◆ PROVIDED RECORDS
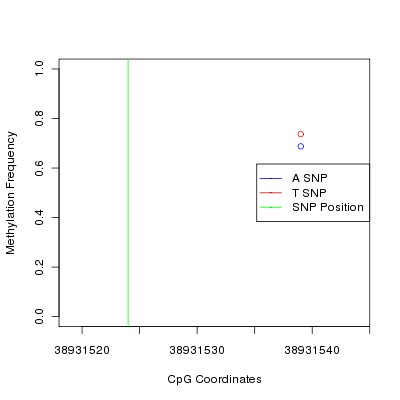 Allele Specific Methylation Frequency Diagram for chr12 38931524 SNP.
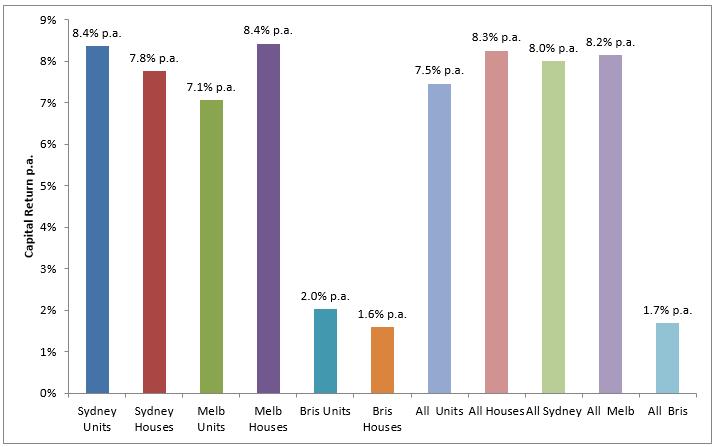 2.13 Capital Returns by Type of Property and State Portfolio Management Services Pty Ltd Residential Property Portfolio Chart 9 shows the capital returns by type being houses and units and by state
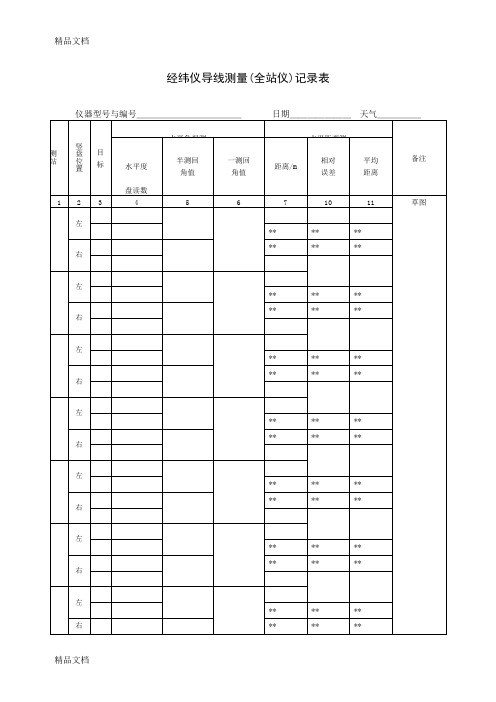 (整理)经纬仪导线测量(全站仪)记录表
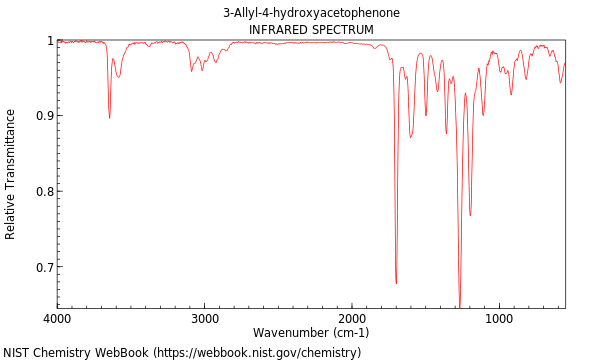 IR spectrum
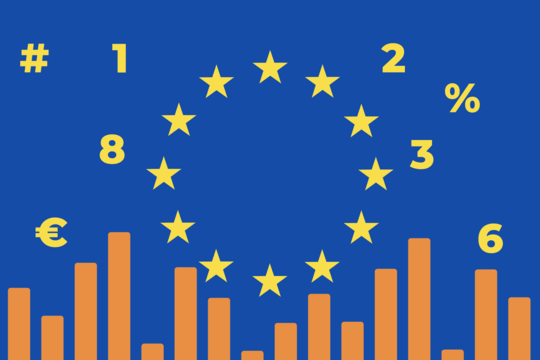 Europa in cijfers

◆ TRY IT
Leave out the pictures and return the rest of the records exactly.

◆ RESULT OF THE TASK
 Allele Specific Methylation Frequency Diagram for chr12 38931524 SNP.
 2.13 Capital Returns by Type of Property and State Portfolio Management Services Pty Ltd Residential Property Portfolio Chart 9 shows the capital returns by type being houses and units and by state
 (整理)经纬仪导线测量(全站仪)记录表
 IR spectrum
 Europa in cijfers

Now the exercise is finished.